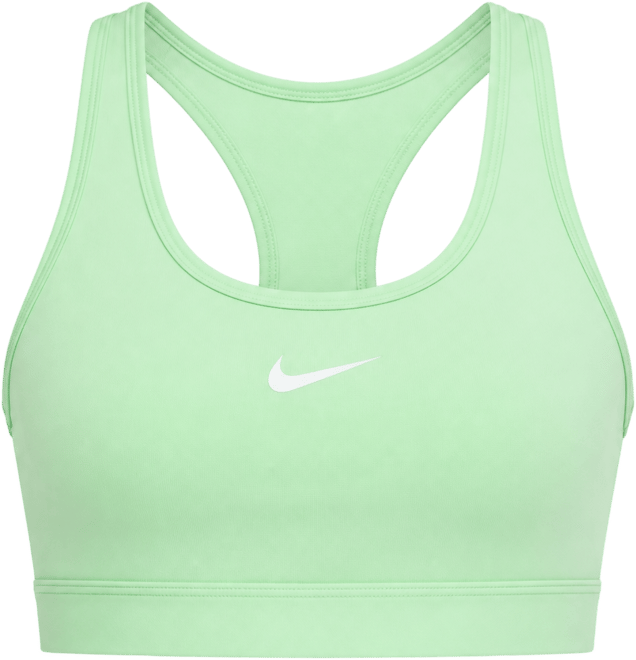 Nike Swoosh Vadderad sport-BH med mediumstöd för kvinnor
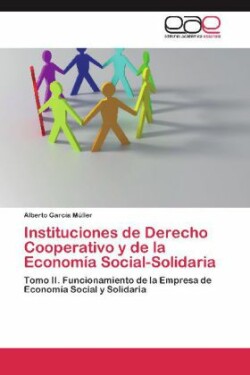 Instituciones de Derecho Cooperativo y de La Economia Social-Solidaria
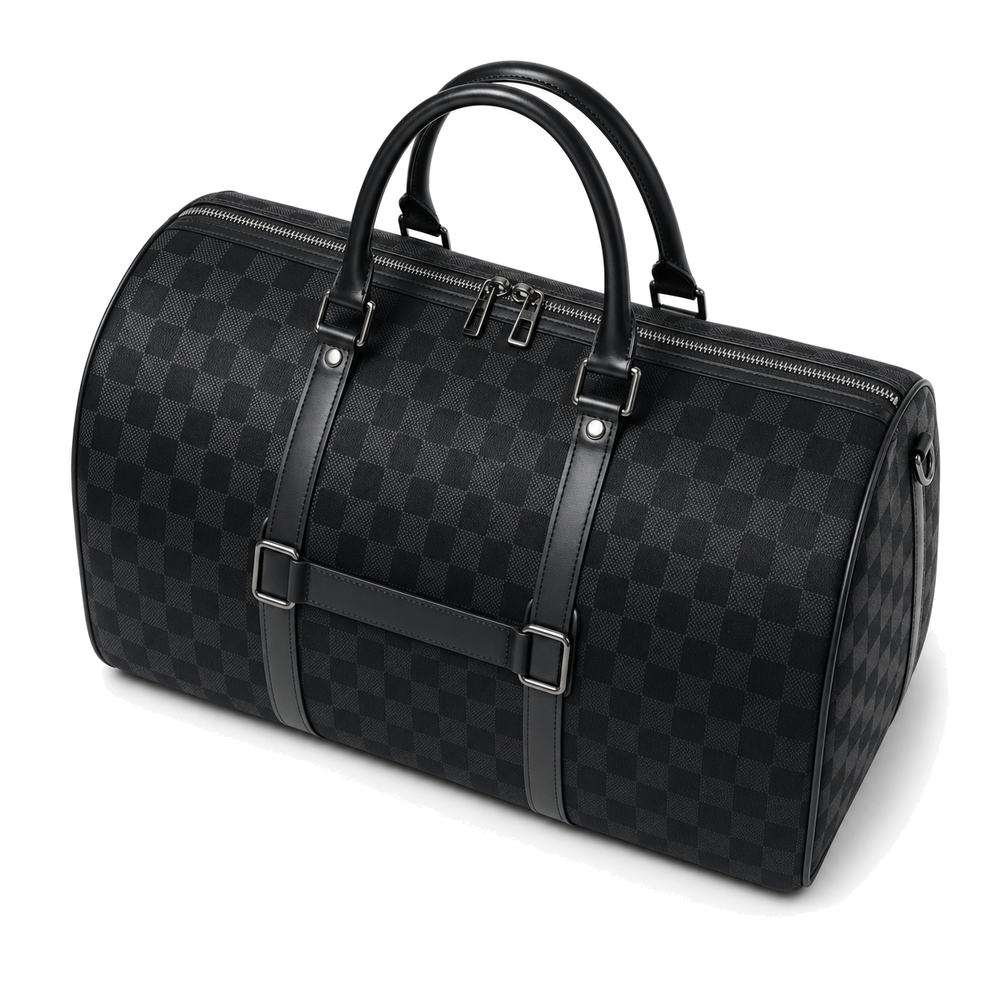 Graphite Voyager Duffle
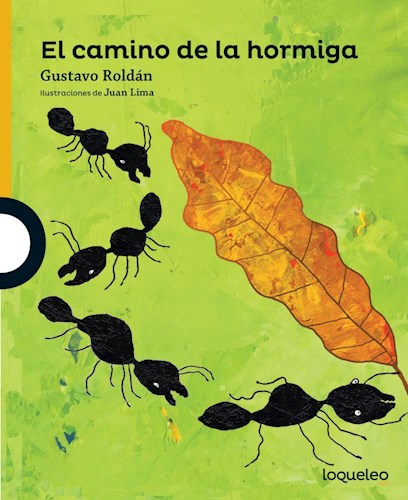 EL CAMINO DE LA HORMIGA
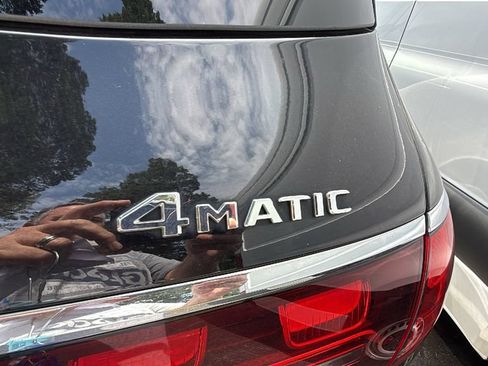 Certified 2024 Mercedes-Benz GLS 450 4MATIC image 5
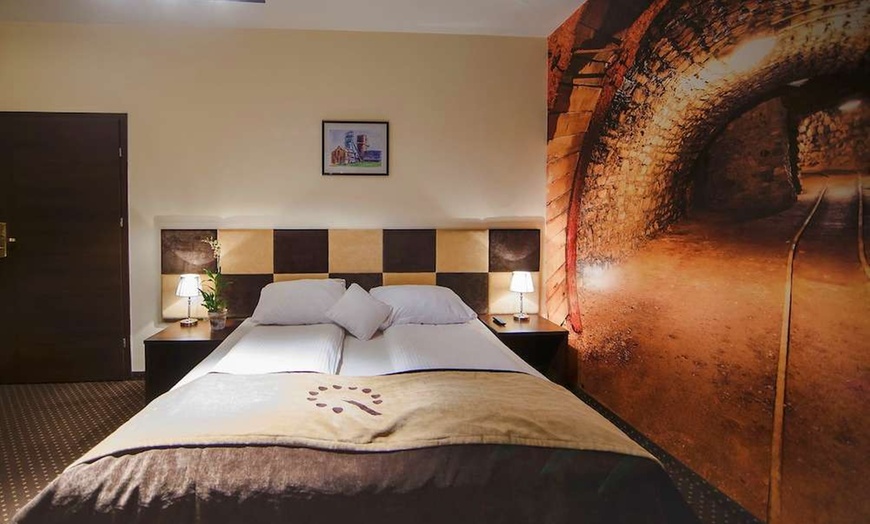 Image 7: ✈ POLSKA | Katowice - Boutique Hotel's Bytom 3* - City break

---*---

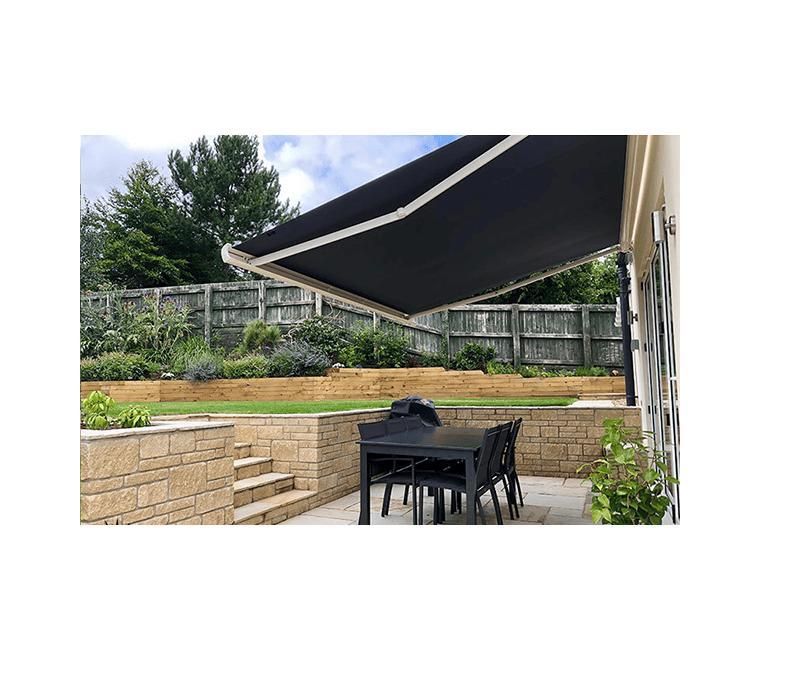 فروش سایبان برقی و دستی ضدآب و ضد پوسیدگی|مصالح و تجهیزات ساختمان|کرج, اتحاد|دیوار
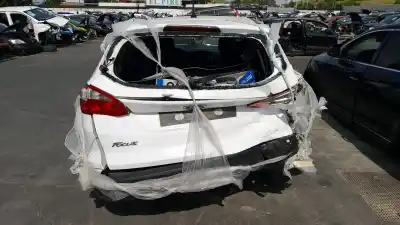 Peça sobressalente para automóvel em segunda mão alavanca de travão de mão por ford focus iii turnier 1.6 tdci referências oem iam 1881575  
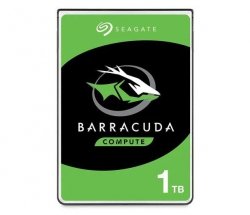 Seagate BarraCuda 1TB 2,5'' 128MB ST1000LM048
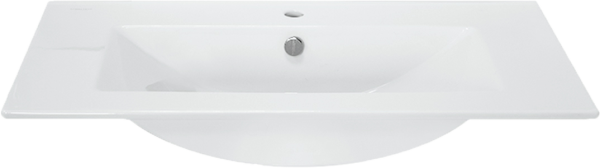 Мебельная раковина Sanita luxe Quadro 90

---*---

TASK TO COMPLETE >> Exactly the lines above from the one that contains "Certified 2024 Mercedes-Benz" down to the one that contains "Image 7: ✈ POLSKA" are to be output, both ends kept and pictures omitted.

RESULT FOR THIS EXERCISE >>
 Certified 2024 Mercedes-Benz GLS 450 4MATIC image 5
 Image 7: ✈ POLSKA | Katowice - Boutique Hotel's Bytom 3* - City break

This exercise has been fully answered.